→ **The problem**
From the records below, transcribe exactly the lines that begin at the line with "OASY GATTO MORE" and end at the line with "Gradino aggiuntivo per", both included.

(Brief descriptive captions)
########
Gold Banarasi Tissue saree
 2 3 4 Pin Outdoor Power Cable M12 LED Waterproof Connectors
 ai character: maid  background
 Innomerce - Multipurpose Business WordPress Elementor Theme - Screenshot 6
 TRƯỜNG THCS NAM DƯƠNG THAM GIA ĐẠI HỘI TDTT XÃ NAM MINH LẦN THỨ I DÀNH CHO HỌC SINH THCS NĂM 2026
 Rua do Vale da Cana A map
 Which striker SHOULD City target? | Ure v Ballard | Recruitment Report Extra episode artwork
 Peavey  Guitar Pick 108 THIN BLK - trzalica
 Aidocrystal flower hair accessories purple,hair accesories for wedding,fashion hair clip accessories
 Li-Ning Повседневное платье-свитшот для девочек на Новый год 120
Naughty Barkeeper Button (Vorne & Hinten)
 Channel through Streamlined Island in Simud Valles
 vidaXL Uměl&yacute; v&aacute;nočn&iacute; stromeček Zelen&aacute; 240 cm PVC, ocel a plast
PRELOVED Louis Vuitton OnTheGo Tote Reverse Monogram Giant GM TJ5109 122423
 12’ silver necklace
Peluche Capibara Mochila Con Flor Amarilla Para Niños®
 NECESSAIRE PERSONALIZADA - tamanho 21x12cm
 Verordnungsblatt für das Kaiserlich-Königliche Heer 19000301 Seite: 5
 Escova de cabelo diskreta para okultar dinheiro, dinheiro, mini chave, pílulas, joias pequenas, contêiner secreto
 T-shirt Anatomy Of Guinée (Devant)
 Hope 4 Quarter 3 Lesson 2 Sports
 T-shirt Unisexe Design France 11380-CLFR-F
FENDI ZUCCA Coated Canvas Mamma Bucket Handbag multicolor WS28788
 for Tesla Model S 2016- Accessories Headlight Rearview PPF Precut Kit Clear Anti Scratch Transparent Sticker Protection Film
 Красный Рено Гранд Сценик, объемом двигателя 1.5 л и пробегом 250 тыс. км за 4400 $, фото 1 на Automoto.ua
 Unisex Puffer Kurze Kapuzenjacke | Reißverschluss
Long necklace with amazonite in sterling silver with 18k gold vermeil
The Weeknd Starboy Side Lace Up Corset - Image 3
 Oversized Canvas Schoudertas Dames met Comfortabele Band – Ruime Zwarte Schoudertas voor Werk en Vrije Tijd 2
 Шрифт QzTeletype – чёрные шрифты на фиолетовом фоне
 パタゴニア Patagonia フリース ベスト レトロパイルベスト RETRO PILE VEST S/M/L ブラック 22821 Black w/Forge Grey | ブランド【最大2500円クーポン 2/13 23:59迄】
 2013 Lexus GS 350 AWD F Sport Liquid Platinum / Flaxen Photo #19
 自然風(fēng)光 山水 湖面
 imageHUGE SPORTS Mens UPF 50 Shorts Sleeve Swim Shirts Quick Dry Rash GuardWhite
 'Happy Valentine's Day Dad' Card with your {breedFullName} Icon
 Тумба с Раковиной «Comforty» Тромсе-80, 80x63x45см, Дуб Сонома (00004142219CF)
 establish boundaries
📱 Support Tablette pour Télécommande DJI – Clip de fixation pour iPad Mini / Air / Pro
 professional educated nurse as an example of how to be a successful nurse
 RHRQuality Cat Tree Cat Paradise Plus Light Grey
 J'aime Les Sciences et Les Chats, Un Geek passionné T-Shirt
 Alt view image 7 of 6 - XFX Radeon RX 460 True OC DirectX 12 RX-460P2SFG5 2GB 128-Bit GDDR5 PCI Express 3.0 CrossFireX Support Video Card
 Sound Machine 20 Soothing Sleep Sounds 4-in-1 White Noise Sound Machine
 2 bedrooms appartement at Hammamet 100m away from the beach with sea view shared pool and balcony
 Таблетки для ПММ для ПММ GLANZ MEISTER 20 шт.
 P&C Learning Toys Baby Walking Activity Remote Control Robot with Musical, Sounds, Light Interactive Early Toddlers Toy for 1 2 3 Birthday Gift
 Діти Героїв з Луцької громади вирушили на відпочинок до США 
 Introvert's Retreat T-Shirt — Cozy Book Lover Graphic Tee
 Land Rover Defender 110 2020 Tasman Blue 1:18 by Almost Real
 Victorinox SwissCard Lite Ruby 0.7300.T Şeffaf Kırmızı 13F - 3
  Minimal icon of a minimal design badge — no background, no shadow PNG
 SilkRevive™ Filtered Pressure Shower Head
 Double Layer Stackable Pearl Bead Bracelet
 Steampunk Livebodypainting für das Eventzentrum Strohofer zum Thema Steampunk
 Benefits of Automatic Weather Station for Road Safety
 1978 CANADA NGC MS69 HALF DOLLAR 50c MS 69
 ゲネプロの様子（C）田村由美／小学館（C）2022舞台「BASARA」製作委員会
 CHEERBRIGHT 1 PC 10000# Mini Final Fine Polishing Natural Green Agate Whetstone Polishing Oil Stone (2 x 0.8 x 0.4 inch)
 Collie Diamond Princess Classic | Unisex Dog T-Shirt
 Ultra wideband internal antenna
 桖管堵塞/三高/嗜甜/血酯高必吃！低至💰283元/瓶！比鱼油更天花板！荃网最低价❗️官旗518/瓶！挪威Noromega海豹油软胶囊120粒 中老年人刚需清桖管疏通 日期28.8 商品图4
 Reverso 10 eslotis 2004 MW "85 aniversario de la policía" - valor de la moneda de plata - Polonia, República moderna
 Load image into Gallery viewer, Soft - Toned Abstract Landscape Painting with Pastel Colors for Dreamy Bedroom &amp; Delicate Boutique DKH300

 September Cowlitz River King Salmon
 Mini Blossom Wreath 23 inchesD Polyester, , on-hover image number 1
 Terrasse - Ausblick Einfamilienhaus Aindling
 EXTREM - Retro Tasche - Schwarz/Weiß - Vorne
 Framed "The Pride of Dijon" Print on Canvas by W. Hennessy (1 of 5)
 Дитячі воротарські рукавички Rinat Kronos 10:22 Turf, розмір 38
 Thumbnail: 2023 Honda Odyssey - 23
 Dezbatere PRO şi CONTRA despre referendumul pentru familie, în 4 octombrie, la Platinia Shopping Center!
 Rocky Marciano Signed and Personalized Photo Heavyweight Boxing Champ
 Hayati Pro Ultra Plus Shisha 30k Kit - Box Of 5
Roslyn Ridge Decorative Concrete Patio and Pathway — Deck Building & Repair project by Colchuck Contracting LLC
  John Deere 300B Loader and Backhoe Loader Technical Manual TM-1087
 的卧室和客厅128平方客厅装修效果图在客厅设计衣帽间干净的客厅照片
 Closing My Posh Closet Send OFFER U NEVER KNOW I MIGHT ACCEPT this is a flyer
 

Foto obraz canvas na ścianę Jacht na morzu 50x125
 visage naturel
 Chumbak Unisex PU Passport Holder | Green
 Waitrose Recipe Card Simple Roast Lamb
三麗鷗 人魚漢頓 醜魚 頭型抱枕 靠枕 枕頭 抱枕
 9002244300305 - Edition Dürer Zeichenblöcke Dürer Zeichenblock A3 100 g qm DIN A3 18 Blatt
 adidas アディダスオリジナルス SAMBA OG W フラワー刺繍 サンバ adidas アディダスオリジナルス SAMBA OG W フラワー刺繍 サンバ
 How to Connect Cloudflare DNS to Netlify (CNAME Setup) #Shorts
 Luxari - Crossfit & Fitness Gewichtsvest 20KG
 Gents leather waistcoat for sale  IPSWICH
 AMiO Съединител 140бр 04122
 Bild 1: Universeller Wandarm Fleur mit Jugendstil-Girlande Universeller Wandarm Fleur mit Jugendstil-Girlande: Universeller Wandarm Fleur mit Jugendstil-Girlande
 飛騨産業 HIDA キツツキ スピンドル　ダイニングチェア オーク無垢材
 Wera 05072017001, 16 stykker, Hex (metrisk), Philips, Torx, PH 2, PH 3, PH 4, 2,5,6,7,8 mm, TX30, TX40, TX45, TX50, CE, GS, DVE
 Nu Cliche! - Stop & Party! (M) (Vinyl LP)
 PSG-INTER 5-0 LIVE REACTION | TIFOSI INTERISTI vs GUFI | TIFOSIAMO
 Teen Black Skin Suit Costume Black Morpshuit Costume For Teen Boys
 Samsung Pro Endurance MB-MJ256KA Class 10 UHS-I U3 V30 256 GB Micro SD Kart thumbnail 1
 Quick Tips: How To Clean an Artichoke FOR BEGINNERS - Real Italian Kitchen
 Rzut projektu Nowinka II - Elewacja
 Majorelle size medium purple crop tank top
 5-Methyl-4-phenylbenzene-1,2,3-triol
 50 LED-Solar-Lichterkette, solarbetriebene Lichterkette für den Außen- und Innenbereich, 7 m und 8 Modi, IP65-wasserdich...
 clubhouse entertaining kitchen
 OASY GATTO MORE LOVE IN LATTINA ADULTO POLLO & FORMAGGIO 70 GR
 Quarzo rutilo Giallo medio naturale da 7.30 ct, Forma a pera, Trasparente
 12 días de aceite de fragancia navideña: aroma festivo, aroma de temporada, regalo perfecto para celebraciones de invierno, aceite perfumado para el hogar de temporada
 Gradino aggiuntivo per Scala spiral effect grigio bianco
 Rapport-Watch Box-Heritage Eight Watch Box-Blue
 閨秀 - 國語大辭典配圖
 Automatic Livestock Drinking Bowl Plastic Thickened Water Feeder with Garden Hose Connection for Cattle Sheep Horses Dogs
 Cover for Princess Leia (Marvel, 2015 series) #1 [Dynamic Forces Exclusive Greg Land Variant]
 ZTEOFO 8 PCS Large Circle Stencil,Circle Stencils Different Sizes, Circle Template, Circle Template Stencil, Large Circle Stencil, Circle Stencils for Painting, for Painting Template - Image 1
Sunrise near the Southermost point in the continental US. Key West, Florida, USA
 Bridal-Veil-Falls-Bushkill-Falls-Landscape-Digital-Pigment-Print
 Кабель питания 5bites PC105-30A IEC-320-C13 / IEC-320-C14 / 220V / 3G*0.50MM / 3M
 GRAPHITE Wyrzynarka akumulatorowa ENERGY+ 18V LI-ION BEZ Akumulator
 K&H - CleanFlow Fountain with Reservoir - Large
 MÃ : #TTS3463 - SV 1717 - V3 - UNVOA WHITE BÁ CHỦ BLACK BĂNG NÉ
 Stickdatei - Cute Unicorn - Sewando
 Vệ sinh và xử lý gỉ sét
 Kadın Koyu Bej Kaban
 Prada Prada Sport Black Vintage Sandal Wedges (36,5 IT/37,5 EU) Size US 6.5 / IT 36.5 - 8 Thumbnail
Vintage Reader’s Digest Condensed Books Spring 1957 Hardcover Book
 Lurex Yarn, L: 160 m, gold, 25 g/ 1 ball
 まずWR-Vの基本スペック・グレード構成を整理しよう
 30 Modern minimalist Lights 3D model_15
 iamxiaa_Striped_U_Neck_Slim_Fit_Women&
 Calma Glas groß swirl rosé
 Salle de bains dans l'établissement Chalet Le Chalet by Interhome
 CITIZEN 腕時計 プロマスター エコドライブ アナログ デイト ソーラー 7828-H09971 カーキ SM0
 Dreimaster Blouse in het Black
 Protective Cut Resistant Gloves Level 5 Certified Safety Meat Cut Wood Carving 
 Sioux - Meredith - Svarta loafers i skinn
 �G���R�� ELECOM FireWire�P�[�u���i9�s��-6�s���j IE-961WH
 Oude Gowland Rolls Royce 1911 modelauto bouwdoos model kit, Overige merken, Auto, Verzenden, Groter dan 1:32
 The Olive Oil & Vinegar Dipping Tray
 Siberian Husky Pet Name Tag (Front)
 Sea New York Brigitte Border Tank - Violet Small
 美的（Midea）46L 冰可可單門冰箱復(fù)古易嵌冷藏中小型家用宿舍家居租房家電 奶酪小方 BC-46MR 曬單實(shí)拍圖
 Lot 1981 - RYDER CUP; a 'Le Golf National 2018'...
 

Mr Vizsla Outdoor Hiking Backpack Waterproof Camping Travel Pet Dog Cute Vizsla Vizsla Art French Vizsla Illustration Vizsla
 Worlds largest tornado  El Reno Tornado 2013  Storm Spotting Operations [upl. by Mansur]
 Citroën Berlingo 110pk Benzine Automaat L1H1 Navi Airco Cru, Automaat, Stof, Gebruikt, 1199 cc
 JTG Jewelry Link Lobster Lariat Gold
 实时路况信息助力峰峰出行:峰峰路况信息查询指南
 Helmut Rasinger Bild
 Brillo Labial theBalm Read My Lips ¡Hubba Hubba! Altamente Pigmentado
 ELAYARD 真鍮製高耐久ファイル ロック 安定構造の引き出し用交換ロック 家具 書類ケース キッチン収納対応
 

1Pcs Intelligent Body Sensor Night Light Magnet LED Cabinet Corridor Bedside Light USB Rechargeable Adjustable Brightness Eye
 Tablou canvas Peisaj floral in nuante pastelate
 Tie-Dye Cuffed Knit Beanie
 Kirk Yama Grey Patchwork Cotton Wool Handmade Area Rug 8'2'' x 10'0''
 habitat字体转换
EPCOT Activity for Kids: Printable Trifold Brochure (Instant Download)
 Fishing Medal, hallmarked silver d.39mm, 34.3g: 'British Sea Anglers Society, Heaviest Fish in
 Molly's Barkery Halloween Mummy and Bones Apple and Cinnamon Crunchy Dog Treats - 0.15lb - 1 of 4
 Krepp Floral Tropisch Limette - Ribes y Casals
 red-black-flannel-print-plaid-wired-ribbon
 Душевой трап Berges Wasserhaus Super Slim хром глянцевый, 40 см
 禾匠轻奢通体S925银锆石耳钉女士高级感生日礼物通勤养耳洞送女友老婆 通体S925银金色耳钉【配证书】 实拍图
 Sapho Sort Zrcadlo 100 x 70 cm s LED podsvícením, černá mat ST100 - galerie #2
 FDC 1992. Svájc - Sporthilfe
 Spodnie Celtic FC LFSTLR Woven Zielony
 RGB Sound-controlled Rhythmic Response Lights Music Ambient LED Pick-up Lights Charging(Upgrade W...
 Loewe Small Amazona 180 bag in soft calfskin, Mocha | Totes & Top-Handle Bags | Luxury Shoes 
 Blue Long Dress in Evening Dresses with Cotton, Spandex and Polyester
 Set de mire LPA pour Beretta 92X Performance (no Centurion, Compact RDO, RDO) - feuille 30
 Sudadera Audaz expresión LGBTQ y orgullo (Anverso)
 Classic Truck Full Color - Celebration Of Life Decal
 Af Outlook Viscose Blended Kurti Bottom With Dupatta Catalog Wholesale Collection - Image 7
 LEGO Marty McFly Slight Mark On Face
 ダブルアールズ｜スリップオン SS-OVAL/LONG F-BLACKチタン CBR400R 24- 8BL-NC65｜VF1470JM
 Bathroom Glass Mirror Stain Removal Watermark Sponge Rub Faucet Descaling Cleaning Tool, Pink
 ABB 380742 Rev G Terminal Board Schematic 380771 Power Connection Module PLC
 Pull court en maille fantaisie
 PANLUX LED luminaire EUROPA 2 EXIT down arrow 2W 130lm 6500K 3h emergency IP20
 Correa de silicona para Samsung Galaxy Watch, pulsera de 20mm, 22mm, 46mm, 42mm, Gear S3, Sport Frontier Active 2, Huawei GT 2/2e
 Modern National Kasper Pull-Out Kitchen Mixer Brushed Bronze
########
→ **Exercise result**
 OASY GATTO MORE LOVE IN LATTINA ADULTO POLLO & FORMAGGIO 70 GR
 Quarzo rutilo Giallo medio naturale da 7.30 ct, Forma a pera, Trasparente
 12 días de aceite de fragancia navideña: aroma festivo, aroma de temporada, regalo perfecto para celebraciones de invierno, aceite perfumado para el hogar de temporada
 Gradino aggiuntivo per Scala spiral effect grigio bianco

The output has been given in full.